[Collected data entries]

────────

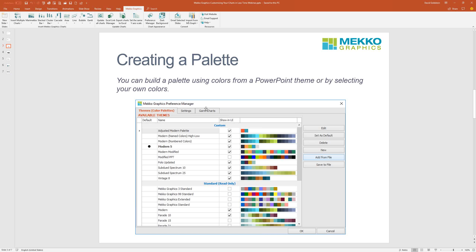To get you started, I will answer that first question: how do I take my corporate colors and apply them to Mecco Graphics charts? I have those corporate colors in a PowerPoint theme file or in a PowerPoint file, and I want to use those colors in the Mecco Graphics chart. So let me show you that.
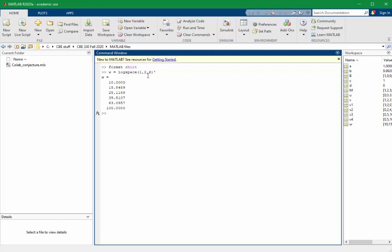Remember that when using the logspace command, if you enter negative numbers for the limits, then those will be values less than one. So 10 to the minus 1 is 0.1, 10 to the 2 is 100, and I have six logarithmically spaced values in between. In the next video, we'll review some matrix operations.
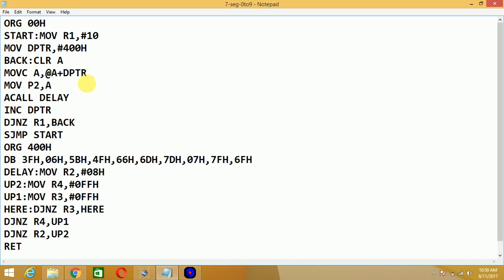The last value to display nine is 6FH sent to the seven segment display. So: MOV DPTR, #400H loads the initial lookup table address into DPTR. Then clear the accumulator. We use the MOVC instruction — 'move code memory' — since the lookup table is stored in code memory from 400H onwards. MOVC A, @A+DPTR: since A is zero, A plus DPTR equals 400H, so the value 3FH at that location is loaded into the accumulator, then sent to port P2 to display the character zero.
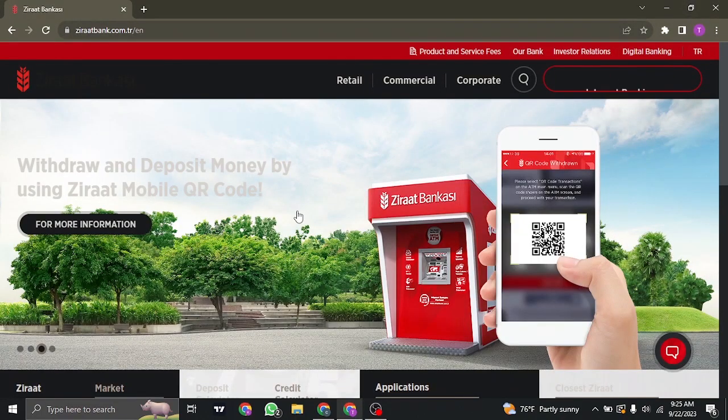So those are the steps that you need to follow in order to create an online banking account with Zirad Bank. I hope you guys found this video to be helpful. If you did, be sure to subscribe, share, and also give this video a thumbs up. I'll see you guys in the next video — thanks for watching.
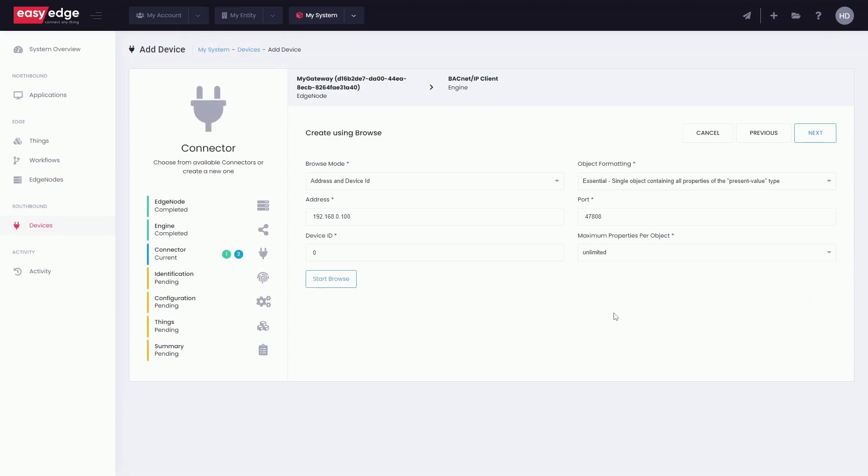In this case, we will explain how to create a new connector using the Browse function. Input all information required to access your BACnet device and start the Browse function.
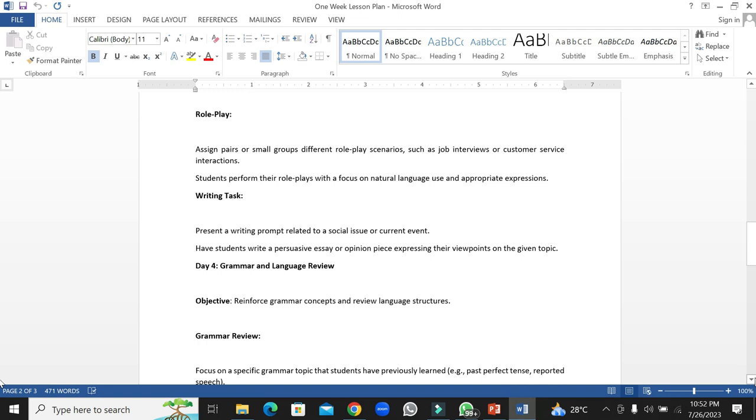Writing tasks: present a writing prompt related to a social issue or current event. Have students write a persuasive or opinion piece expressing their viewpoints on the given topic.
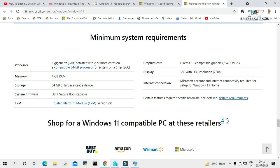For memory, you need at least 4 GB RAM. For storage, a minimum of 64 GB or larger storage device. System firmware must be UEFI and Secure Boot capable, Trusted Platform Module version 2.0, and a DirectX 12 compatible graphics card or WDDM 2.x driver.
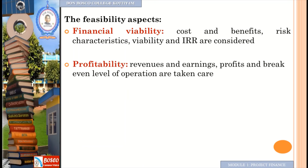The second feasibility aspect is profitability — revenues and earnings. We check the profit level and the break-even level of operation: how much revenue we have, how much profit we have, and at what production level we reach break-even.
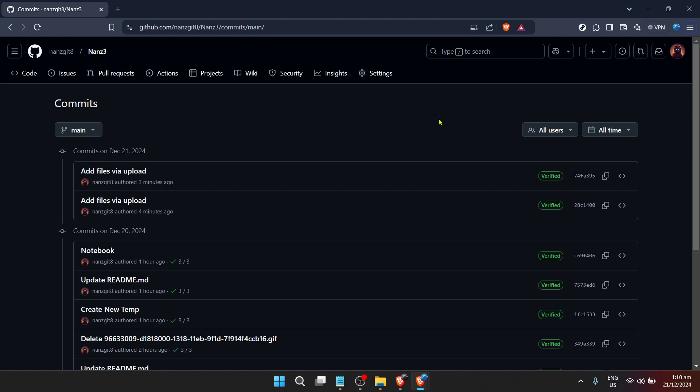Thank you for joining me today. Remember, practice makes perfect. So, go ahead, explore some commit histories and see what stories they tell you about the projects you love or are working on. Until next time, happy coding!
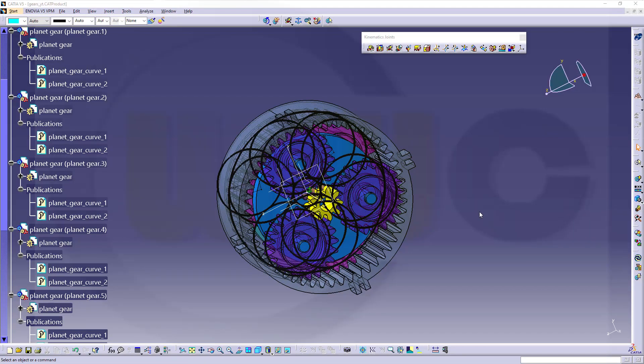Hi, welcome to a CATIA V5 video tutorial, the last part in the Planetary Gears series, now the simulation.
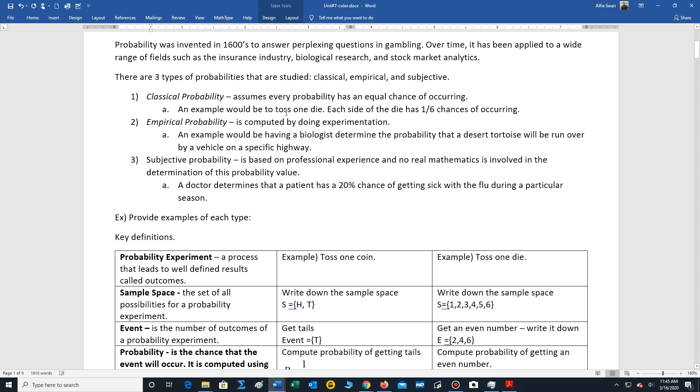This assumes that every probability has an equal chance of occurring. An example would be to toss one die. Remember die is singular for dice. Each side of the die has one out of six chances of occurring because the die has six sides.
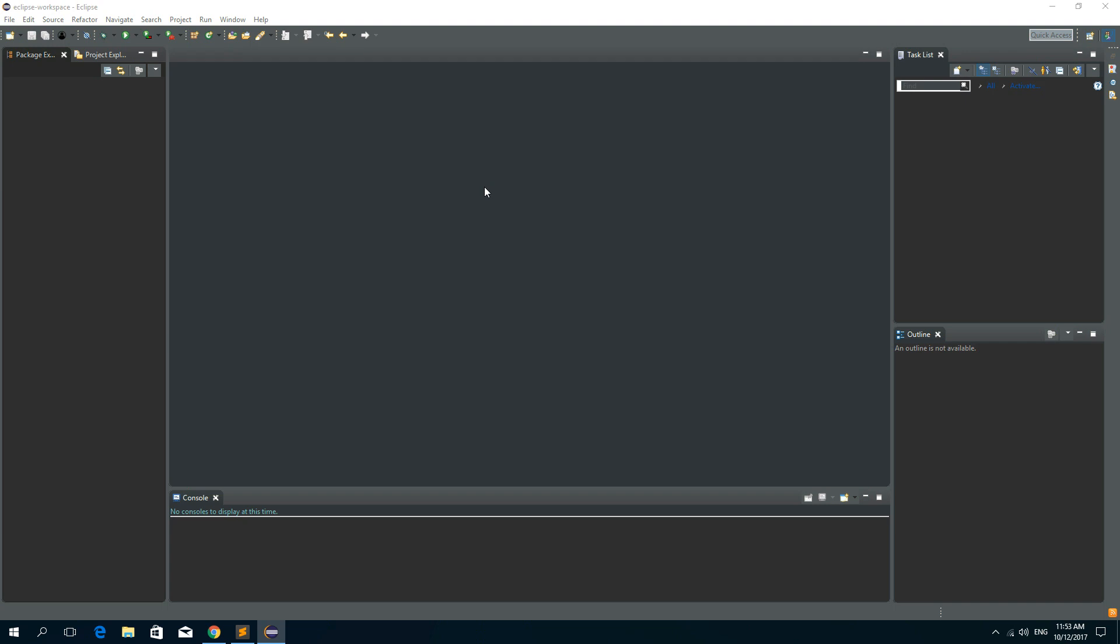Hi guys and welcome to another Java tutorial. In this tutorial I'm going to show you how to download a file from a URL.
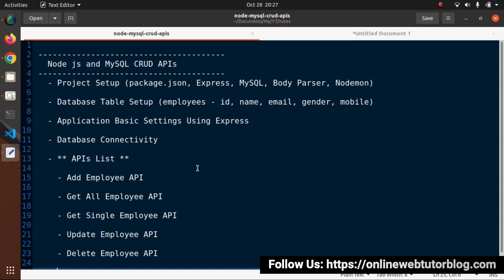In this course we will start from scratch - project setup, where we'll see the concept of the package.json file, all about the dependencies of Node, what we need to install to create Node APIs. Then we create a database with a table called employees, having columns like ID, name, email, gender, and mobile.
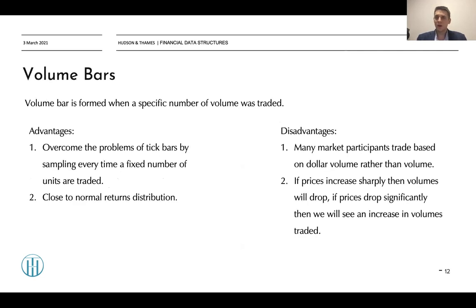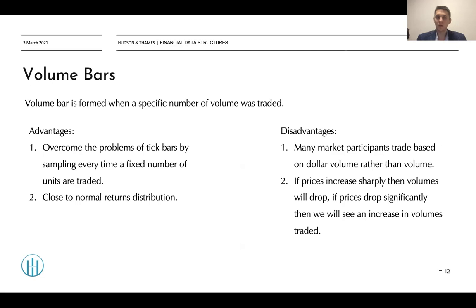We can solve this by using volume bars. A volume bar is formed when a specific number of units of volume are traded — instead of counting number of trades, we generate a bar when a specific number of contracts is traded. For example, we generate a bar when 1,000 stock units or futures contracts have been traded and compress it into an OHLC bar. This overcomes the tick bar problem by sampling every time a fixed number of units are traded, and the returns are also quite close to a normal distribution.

────────

**Exercise prompt**
Through the line containing "Remember that when" and no further, restate the data above word for word from its first line, leaving out pictures.

**Answer box**
To get you started, I will answer that first question: how do I take my corporate colors and apply them to Mecco Graphics charts? I have those corporate colors in a PowerPoint theme file or in a PowerPoint file, and I want to use those colors in the Mecco Graphics chart. So let me show you that.
Remember that when using the logspace command, if you enter negative numbers for the limits, then those will be values less than one. So 10 to the minus 1 is 0.1, 10 to the 2 is 100, and I have six logarithmically spaced values in between. In the next video, we'll review some matrix operations.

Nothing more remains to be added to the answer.